Homeland Without Walls: How Two Families With Two Daughters Connected At St. Jude
By Rabbi Philip Moskowitz
This article is l’illui nishmas Esther Tehila bas Harav Gavriel Pinchas and Hinda bas Reb Mordechai.
During one of the most difficult chapters of our lives, when our daughter Esti, a’h, was undergoing treatment at St. Jude Children’s Research Hospital in Memphis, Tennessee, my family was uprooted from everything familiar: our community, our routine, our support systems, and the comforting rhythm of Jewish life. There were no kosher restaurants nearby, no minyanim, and no Shabbos guests to share our seudah. While St. Jude is an incredibly special place and we are eternally grateful for their care, Jewish life—let alone Orthodox Jewish life—was virtually invisible.
Until we met the Ginsbergs.
The Ginsbergs are a family of Satmar Chassidim from London whose daughter, Hindy, a’h, was also being treated at St. Jude. By pure hashgachah pratis (Divine Providence), we ended up as neighbors in St. Jude housing, two Jewish families far from home, each navigating the unimaginable. On the surface, Satmar Chassidim and Yeshiva University (YU) graduates couldn’t have been more different.
But very quickly, those differences faded.
Our daughters Esti and Hindy would play together on those long Shabbos afternoons, sharing candy and other gifts they received, doing art projects, and checking in on each other. I still remember how, on Purim, Rabbi Ginsberg read the Megillah for Esti, and how Hindy took her to the local Chabad Purim Seudah. And every Friday, Rabbi Ginsberg and I would exchange divrei Torah. It wasn’t planned or formal. Just two fathers—one a Satmar Chassid from London, the other a YU-ordained rabbi—connecting through Torah and sharing chizuk.
Members of my community in Boca Raton have had the opportunity to meet Rabbi Ginsberg over the past few years. He unexpectedly showed up to Esti’s shloshim and again at the Torah dedication in her memory. I flew to New York for Hindy’s shiva and had the great honor of sharing a eulogy for her shloshim as well.

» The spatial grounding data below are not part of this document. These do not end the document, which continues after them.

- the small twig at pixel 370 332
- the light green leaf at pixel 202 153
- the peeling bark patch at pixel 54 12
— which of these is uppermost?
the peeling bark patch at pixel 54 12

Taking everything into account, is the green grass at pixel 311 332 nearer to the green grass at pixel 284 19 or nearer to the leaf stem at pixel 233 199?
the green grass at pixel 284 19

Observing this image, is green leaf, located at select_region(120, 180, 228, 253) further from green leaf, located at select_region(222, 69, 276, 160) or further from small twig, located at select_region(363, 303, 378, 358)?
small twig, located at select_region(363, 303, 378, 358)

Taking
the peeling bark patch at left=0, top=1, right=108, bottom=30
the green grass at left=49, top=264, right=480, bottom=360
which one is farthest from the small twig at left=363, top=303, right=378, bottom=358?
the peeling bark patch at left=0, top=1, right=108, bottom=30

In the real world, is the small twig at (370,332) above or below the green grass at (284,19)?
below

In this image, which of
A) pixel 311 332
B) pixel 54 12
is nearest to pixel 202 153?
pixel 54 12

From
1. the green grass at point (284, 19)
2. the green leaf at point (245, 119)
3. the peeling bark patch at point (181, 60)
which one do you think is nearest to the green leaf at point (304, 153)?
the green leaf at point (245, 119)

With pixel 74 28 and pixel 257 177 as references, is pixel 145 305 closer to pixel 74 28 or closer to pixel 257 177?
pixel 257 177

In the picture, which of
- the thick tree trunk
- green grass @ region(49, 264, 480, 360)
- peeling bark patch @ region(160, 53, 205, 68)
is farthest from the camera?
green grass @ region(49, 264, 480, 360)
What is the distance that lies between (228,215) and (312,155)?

Rabbi Ginsberg and I still talk regularly, sharing divrei Torah and chizuk. It’s remarkable when you think about it, how two Jews from completely different backgrounds and different worlds can sit down and connect through the parashah, a Rashi, or a midrash. Torah transcends geography, culture, and denomination. Whether you’re in a shtiebel in Stamford Hill or a shul in Boca Raton—or in a hospital hallway in Memphis, Torah is still Torah. It is limitless, timeless, and speaks to the soul.

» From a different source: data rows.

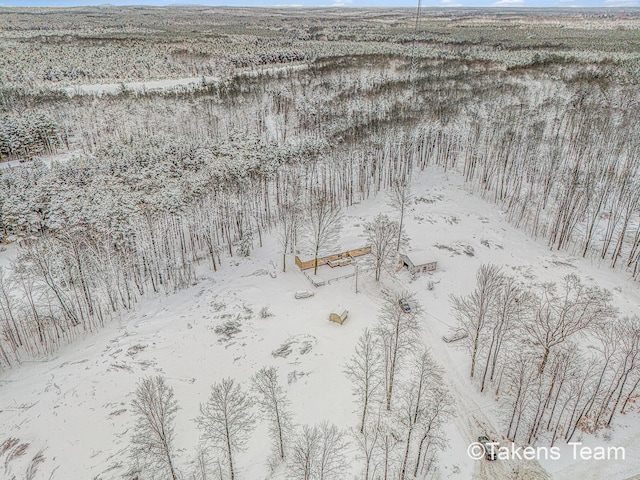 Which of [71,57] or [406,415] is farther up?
[71,57]

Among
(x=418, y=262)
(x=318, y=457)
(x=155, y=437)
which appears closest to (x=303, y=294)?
(x=418, y=262)

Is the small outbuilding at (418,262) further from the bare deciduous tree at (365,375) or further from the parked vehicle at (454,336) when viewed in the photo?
the bare deciduous tree at (365,375)

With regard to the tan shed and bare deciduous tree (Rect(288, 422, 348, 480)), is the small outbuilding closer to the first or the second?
the tan shed

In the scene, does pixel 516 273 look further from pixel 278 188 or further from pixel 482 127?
pixel 482 127

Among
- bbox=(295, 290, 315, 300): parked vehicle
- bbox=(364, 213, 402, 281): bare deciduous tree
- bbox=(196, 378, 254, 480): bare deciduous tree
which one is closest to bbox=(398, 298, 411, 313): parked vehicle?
bbox=(364, 213, 402, 281): bare deciduous tree

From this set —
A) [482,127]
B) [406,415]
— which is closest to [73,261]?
[406,415]

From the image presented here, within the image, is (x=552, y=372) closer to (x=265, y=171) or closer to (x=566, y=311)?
(x=566, y=311)

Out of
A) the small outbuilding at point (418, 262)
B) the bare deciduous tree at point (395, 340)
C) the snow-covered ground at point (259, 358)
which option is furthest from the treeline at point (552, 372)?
the small outbuilding at point (418, 262) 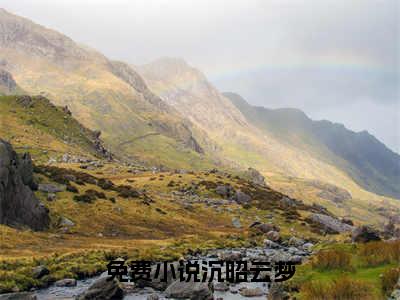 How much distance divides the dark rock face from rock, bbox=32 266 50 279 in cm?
1777

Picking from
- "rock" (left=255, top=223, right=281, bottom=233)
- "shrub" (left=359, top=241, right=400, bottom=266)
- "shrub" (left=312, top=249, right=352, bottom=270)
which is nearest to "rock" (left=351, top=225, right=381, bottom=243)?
"shrub" (left=359, top=241, right=400, bottom=266)

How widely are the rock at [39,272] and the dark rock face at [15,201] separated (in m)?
17.8

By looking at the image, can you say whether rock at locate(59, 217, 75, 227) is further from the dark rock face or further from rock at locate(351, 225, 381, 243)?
rock at locate(351, 225, 381, 243)

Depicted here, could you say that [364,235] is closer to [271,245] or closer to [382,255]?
[271,245]

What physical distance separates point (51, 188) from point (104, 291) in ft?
137

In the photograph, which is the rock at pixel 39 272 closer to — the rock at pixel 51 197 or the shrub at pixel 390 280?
the shrub at pixel 390 280

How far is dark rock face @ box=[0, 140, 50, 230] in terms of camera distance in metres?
51.0

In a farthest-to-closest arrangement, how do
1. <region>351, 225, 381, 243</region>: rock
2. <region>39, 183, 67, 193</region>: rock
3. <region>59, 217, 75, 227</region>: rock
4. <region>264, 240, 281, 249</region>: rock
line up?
<region>264, 240, 281, 249</region>: rock
<region>39, 183, 67, 193</region>: rock
<region>59, 217, 75, 227</region>: rock
<region>351, 225, 381, 243</region>: rock

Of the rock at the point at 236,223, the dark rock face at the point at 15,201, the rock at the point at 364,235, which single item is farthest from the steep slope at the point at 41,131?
the rock at the point at 364,235

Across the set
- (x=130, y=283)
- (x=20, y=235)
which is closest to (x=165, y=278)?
(x=130, y=283)

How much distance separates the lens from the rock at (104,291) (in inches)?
1110

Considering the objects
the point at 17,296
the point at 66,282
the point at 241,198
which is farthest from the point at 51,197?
the point at 241,198

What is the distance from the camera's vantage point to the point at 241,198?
113625 mm

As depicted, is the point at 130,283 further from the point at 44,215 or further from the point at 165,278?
the point at 44,215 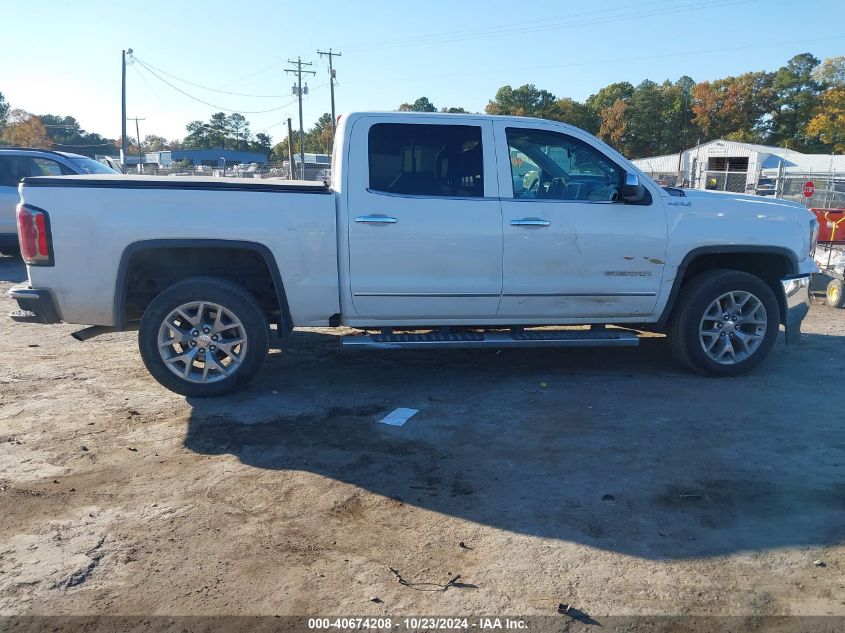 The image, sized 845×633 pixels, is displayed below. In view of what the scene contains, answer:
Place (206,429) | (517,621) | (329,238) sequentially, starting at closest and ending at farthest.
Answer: (517,621) → (206,429) → (329,238)

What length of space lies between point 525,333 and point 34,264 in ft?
12.4

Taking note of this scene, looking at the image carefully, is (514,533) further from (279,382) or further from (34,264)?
(34,264)

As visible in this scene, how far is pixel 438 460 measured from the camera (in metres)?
4.17

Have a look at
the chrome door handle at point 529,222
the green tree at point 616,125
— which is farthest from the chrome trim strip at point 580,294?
the green tree at point 616,125

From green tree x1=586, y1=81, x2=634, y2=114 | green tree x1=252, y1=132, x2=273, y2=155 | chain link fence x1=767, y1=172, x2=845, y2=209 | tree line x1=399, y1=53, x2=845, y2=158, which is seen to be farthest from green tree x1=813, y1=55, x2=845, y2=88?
green tree x1=252, y1=132, x2=273, y2=155

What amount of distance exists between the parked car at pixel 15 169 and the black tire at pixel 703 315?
1019cm

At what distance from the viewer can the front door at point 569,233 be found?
210 inches

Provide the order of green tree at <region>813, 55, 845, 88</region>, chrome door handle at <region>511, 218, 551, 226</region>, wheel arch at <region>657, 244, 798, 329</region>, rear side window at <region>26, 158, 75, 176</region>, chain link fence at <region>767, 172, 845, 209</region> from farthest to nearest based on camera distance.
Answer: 1. green tree at <region>813, 55, 845, 88</region>
2. chain link fence at <region>767, 172, 845, 209</region>
3. rear side window at <region>26, 158, 75, 176</region>
4. wheel arch at <region>657, 244, 798, 329</region>
5. chrome door handle at <region>511, 218, 551, 226</region>

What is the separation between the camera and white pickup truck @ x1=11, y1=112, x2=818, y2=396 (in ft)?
16.1

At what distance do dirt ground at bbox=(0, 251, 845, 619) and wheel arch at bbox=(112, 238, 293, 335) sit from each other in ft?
2.37

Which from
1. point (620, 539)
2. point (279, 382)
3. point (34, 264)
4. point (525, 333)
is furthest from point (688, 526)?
point (34, 264)

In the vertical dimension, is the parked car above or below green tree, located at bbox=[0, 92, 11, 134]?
below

And more importantly, it allows two souls to speak to each other. This is the brilliance of our people. We don’t just share a book, we share a common language of thought, values, and priorities.

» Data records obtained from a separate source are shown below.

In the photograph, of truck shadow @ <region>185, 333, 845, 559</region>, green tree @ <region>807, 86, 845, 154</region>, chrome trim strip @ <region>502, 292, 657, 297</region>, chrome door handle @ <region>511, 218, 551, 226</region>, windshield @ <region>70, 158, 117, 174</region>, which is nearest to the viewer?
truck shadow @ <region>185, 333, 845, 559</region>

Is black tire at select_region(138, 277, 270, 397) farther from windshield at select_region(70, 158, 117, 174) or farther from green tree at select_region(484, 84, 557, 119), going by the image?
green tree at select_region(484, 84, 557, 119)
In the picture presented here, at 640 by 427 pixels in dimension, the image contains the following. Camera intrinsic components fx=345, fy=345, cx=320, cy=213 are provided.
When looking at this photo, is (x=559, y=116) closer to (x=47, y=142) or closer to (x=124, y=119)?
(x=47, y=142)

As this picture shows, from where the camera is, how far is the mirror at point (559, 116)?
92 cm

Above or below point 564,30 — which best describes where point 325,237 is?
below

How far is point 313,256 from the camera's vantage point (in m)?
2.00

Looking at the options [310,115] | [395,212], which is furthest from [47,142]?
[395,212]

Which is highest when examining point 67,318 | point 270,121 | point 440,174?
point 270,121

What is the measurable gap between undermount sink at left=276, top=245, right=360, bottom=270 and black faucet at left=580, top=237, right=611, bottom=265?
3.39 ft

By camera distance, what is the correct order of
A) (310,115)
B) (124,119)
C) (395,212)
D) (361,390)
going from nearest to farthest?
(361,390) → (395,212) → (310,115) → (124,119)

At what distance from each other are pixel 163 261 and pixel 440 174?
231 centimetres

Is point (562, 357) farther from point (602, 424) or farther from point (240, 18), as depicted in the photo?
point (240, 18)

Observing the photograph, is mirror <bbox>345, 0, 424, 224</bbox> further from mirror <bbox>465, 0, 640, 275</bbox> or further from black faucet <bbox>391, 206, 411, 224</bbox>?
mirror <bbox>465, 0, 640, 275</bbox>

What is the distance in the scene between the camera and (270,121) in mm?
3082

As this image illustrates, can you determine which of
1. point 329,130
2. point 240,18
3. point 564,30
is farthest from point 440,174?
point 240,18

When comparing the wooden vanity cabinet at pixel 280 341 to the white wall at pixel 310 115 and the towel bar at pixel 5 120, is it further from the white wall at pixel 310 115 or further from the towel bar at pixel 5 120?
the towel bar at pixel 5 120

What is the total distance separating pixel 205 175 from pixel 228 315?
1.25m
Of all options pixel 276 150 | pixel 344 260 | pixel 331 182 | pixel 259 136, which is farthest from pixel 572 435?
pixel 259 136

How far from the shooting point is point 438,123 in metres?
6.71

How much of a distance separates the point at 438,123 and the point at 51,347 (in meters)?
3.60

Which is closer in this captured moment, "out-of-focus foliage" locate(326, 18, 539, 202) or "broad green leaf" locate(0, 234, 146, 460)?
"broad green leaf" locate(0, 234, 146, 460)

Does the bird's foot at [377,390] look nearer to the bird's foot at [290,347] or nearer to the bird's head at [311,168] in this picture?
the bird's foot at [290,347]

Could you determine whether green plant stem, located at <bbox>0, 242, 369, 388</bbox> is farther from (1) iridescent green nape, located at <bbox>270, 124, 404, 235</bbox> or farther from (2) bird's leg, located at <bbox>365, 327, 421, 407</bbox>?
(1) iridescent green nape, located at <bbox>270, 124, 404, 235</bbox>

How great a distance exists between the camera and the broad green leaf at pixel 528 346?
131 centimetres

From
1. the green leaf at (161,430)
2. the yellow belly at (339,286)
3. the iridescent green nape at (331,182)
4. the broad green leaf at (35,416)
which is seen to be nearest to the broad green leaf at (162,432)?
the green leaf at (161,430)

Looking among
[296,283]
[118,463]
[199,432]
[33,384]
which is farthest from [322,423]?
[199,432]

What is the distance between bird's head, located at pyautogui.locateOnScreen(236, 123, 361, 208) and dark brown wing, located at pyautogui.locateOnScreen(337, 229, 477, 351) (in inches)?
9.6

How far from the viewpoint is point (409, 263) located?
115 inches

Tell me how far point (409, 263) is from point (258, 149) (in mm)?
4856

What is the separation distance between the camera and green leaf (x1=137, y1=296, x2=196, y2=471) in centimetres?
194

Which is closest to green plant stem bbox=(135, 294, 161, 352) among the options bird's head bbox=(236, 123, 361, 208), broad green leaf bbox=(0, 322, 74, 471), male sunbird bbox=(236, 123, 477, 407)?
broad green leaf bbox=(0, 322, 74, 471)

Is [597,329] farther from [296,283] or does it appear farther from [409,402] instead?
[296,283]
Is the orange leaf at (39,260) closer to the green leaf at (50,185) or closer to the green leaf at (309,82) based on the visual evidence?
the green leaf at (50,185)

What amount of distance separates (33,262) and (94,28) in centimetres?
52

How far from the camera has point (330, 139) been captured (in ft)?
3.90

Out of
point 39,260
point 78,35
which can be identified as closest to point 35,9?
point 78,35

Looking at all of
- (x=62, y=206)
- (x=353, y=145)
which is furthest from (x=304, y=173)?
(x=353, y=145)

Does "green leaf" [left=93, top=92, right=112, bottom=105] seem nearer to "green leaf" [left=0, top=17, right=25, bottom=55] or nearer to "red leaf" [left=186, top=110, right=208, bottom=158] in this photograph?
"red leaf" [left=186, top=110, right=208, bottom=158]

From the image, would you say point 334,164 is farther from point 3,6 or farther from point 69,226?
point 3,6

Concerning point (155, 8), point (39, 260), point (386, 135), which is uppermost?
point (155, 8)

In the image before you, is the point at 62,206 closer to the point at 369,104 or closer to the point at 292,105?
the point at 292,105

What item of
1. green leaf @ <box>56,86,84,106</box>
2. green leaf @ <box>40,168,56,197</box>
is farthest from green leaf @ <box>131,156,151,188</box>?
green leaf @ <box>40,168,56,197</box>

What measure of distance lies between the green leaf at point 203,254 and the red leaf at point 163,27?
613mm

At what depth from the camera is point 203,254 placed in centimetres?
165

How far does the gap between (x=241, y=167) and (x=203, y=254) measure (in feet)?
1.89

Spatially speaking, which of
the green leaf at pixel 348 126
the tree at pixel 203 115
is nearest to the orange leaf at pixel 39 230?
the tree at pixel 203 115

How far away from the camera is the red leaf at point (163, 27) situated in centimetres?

Rabbi Jonathan Sacks, zt’l, once referred to the Torah as “the portable homeland of the Jewish people.” Even when we are far from our land, far from our communities, or far from our comfort zones, we carry our homeland with us. Torah connects us to each other and to our people’s eternal story.
The Ginsbergs and the Moskowitzes don’t share the same background. We don’t dress alike, daven the same way, or keep the same customs. But I quickly realized that we share something much deeper: Torah, kindness, emunah, and friendship.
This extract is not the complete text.